The greater part of the American nations were abandoned to Polytheism, and allowed a crowd of divinities: and nearly all adored the Sun, as the best representation of the Eternal.
In Peru, at the time of its discovery by Pizarro, Viracocha was supposed to be the creator of the gods, and below him, they believed in two triads; the first was Chuquilla, Catuilla, and Intyllapa; and the second Apomti, Churunti, and Inti-quaoqui.
The creator of the world, according to the Mexicans, was Mexitli, who was seated on an azure coloured stool, placed on a litter; his hand grasped an azure staff, in the shape of a serpent, and to crown all, he was of an azure complexion. Tlaloc was their second, and Tezcallipuca their third deity. This last was considered the god of repentance: and it was by the direction of the first, that they built the magnificent city of Mexico in the midst of a lake.
They had, besides these, Tangatanga, an idol which was, according to them, three-in-one and one-in-three. They possessed also a Venus, who, with her three sisters, presided over love. It is not unusual to represent her reclining on a couch, while the favoured lover is shewn sitting by her side, hand in hand, as an emblem of mutual affection. {286}
The Mexicans also had a goddess of old age, to whom they rendered honours of the highest character. They immolated on her altar once every year a female, whom they forced to dance in presence of the idol to whom she was to be sacrificed: while in the evening, the priests ran wildly in the streets, striking children and females with small bundles of hay.

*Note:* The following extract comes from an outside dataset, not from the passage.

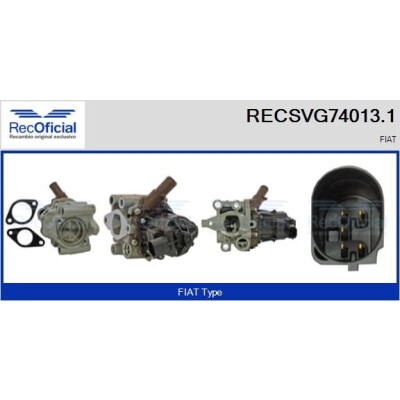Vanne EGR RECOFFICIAL RECSVG74013.1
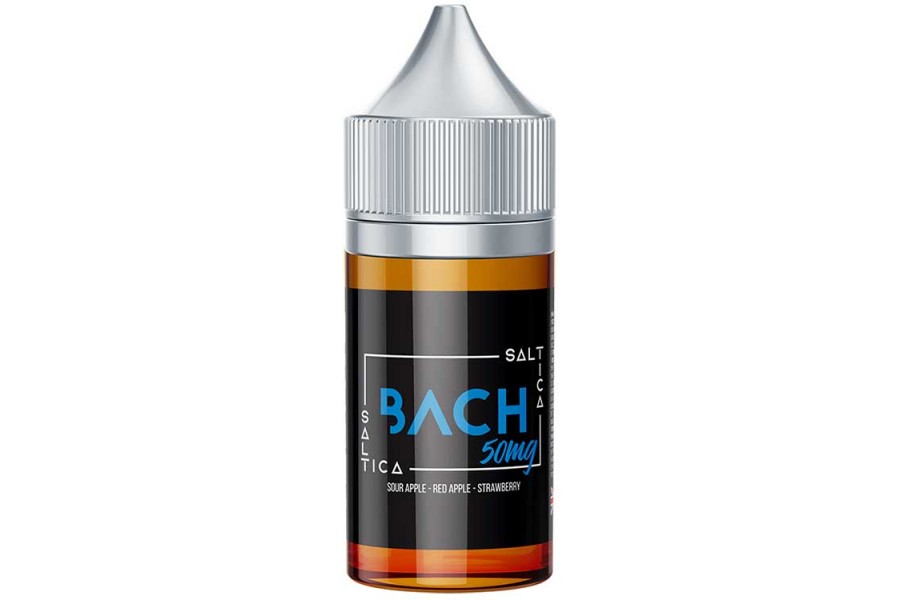 Saltica - Bach Salt Likit (Ekşi Elma, Kırmızı Elma, Çilek) (30ML)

When any solemn feast was in preparation, they made choice of a young and beautiful slave, whom, after bathing in the lake dedicated to their Gods, they clothed in the richest costume, offering to him the highest honour for a space of forty days; all that could tend to allure the mind to earth, or render life desirable, was showered upon the victim, his wishes were anticipated, and his desires fulfilled. Nine days, however, before the sacrifice took place, the priest, prostrating himself, uttered this brief sentence,
"You have yet nine days to live!"
Intoxicating liquors were then given him, to sustain his courage until the day of the solemnity arrived, when he paid the penalty, by death; his heart was torn from his body, which was afterwards precipitated from the platform of the temple, mid the wild cries of the priests, and the yet more savage greetings of the multitude.
The religious orgies of the Mexicans were of a gloomy and frightful character; to enable them to go through which, their priests anointed themselves with a particular ointment, and used various fantastic ceremonies to deprive themselves of timidity. They then would rush forth to celebrate their rites, during which their vestal-virgins, and the priests were wont frantically to cut themselves with knives.
Quetsalocatl was the deity to whom the highest honours were paid in the valley of Cholula.
The air, commerce, war, and divination were under his control; and it was through him that the remarkable prophecy was supposed to originate, which prepared the Mexicans for the coming of the Spaniards into their territory.
The ceremonials attached to his faith were of an inhuman nature, they sacrificed to him an enormous number of human victims. Cholula, was, indeed, the Mecca of this false divinity, and in order to receive the crowd of pilgrims, who day by day assembled, it was found necessary to maintain as many temples as there are days in the year. {287}
The principal one of these was an immense pyramid of thirteen hundred and fifty-five feet round its base, and about one hundred and seventy in height.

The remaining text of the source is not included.